Rebuilding History - Casa Kinich
An Architectural Adventure
In January 2000, my son grown and ready to graduate college, I left my home of twenty seven years, packed up my real estate business in San Antonio and moved to the Yucatan, long a love of mine. After a short stint running a bamboo plantation near Uxmal, I realized I was never cut out to make a good employee and, seeing a big need, started my own real estate company, Tierra Yucatan, in Merida.
I have always loved old, historic properties and it was very easy to get excited about the lovely architecture of Merida’s Historic Center. History is everywhere here, layer upon layer, modern upon Spanish; colonial upon pre-columbian Maya remains.
Although my business is in Merida, about twelve years ago I moved to a small village about 45 miles east, just 8 miles north of Izamal...I am in love with the peace and rural quiet of life outside Merida and the four days I spend in the city is plenty.
Now it is mid-2018 and I’m chewing my fingernails and studying my bank accounts about to plunge headfirst into a new project...the remodeling and construction to transform a very, very old “ruin” in lovely Izamal. It is exciting and nerve-wracking and I thought you might like to look over my shoulder and share the adventure.
Izamal
Izamal is an enchanting, colonial city built on top of a pre-Columbian Maya ceremonial center. Pyramids too large for the Spaniards to demolish are at the center of every downtown block, even after providing the construction material for most of the old center. At the heart of Izamal, built over the remains of the largest pyramid, sits an enormous convent finished in 1561 and still an important center of pilgrimage. The atrium is second in size only to the Vatican and, in 1993, Pope John Paul celebrated mass here. In his honor, the town was painted golden Vatican yellow, a color it famously maintains to this day. The town is dotted with huge pyramids and full of beautiful colonial houses–some in ruins–all painted with the same deep yellow ochre.
The street plan of the town still follows the ancient Maya, pre-Columbian footprint and horse drawn carriages still ply the streets, giving the many tourists a leisurely trip.
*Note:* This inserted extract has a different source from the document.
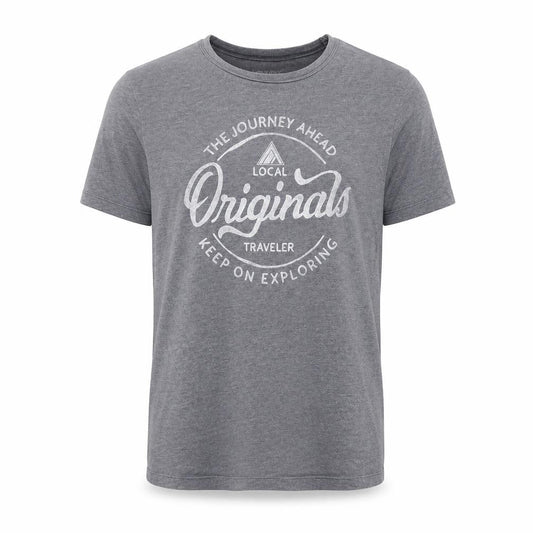 Jack & Jones Men's Grey Graphic Slim T-Shirt, Size S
When I first moved from Merida, these were the only taxis and trotted gaily through town bearing huipil-clad local ladies to the market.
Running Tierra Yucatan keeps me busy in Merida most of the week and I always seem to have projects underway. On Wednesdays and week-ends I am in and out of Izamal on various errands or to see friends; it has some good restaurants and several supermarkets and is so pretty it does me good to just drive around and enjoy. On one of these rambles, Casa Kinich “just happened.” I have always noticed it sticking out into the road with its curious old “nicho” or alcove, built into the wall; run down and derelict, the façade no longer beautiful after windows were blocked and door sizes reduced. It sits very close to the convent–just a five minute walk–and is one block from the largest remaining pyramid: Kinich Kak’Mo (Temple of the Fire Macaw in Maya). Stones from that pyramid were used in the construction of this original colonial home. Seeing a hand scrawled ‘For Sale’ sign, I called, mainly out of curiosity, and before I knew it, I had committed myself to become the new owner.
The House Today
Really, the house “as is” is hard to love. One very large old room with eighteen foot beamed ceilings, now several feet below street level as time and repaving have gradually pushed the road higher and higher. The “nicho” which once held the household saints is at ground-level outside, but several feet from the floor inside. Tacked on is a crude, block construction, room and a tiny, primitive bathroom, which will be demolished.
After letting it sit for more than a year, uncertain whether to invest money in the restoration, I am now mustering the courage to start creating a beautiful two bedroom home with rooftop views of the Convent to the south and Pyramid Kinich to the east.
Follow me, here we go!
Installments for the house (and articles about its progress) won’t be on any particular schedule. I have chosen my architect, have preliminary plans, and am about to make the first down-payment. At this stage we are still working with INAH, Mexico’s institute governing historic sites and buildings, to finalize permits. As the house sits on what was once part of the Maya ceremonial center, an archaeologist will be on-site as we dig foundations and prepare for a pool – who knows what lies underneath! I can’t wait to get started and share the story with you here!